Ia ingin menutup bab yang belum waktunya dibuka, membungkam riuh takdir yang berani menulis dirinya sebelum ia sendiri sempat mengetikkan kalimat terakhir.
Namun kini, sesuatu telah menyerangnya.
Sesuatu yang tak mampu ia prediksi, hindari, apalagi waspadai—dan itu membuat mata Theo menyipit, menajam bagai bilah yang siap menebas kegelapan.
Udara di sekitar terasa aneh.
Sunyi, tapi tidak benar-benar hening—lebih menyerupai senyap yang sedang menahan napas.
Ia mengedarkan pandang, menatap setiap sudut yang berpotensi menyimpan makna tersembunyi.
Hanya ada dua suara yang hidup di antara kabut pertarungan itu.
Dentingan pedang Erietta dan Aldraya, yang berpadu seperti dua nada saling menelan.
Tiap benturan memercikkan cahaya dingin yang tak membawa panas, hanya amarah nan dikristalkan menjadi logam.
Theo tahu, pertarungan itu bukan lagi sekadar benturan dua ego gadis Akademi Bintang.
Itu adalah benturan dua garis cerita yang tak seharusnya bersinggungan di bab ini.
Lalu, kesadarannya mulai menggali lapisan-lapisan yang tak terlihat oleh mata.
Ia mencoba menautkan apa yang menyerangnya tadi dengan perubahan-perubahan kecil yang tak ia sadari.
Suhu udara turun, struktur tanah yang sedikit lebih lembut dari semestinya, dan cara cahaya jatuh yang tak lagi tunduk pada arah matahari.
Dunia ini sedang berubah.
Tidak mengikuti script.
Tidak mengikuti kehendaknya.
Theo bisa merasakannya—rasa getir yang mengalir di punggung, bak tinta yang menetes dari pena patah.
Dan dalam keheningan yang mendadak terasa begitu tebal, Theo menarik napas panjang.
Lalu ia menurunkan posisi tubuhnya sedikit, menyiapkan langkah.
Sementara di kejauhan, dua gadis yang ia ciptakan terus menari di antara cahaya pedang, membentuk simfoni kehancuran yang makin lama makin menyerupai cerita yang tak pernah ia tulis.
'Sunyi sekali, tapi bukan kesepian yang damai.
Terdapat sesuatu yang bersembunyi di antara jeda napas ini.
Arah angin berubah, tidak, bukan angin.
Ada sesuatu yang bergerak laju, terlalu laju untuk sinar cahaya menangkapnya.
Kalau begitu, aku tak perlu menunggu lebih lama.'
Rassh!
'Putaran ideal, kepala di bawah, kaki di atas, hanya dua detik untuk memastikan sasaran serangan.
Sekarang!
Berganti posisi, kiri ke kanan, dan-'
Clang!!
Udara di sekitarnya seakan pecah oleh ketegangan yang tak kasatmata.

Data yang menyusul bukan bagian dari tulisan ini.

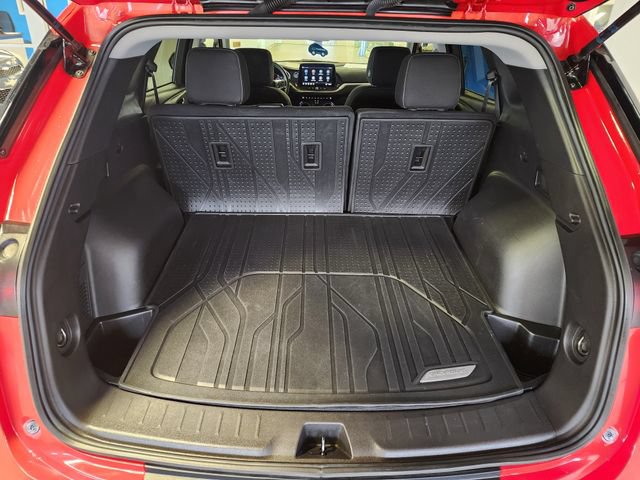 Certified 2023 Chevrolet Blazer LT w/ LPO, Floor Liner Package AWD/4WD image 15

Dalam kesunyian nan menekan dada, Theo tetap teguh berdiri di tengah pusaran keanehan itu.
Matanya menelusuri setiap bayangan yang mungkin bersembunyi di antara cahaya nan bergetar.

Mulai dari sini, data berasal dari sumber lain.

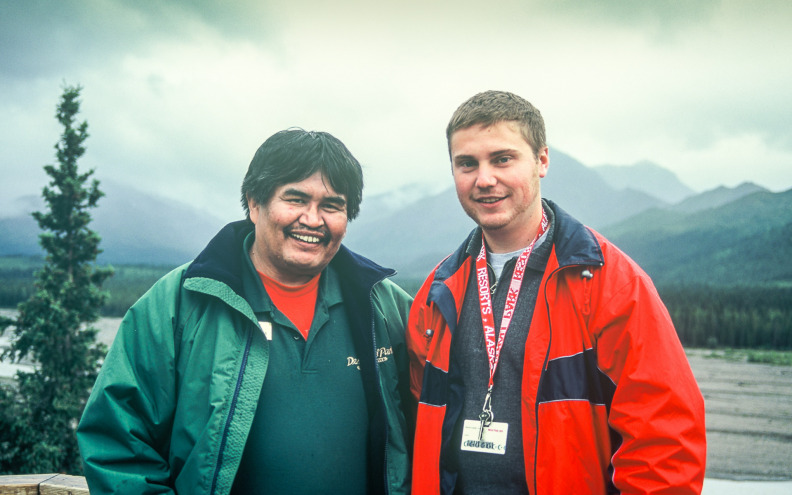 Siniša Golub: Ulazak u svijet u kojem su životinje doma, a ljudi gosti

Namun sebelum sempat mengatur napas, tubuhnya bergerak lebih cepat dari pikirannya.
Sebuah tebasan mendadak mengoyak udara dari kiri ke kanan, meninggalkan jejak tipis menyerupai luka di ruang itu sendiri.
Lalu badannya berputar, satu putaran penuh di udara—gerakan yang begitu halus namun brutal, persis macam tarian seorang Samurai yang menolak mati.
Dalam dua detik itu, kepala Theo menghadap tanah, kaki menentang langit, lalu ia jatuh dengan hentakan sempurna, menapak bumi tanpa kehilangan keseimbangan sedikit pun.
Begitu kakinya menyentuh tanah, insting mengambil alih seluruh tubuhnya.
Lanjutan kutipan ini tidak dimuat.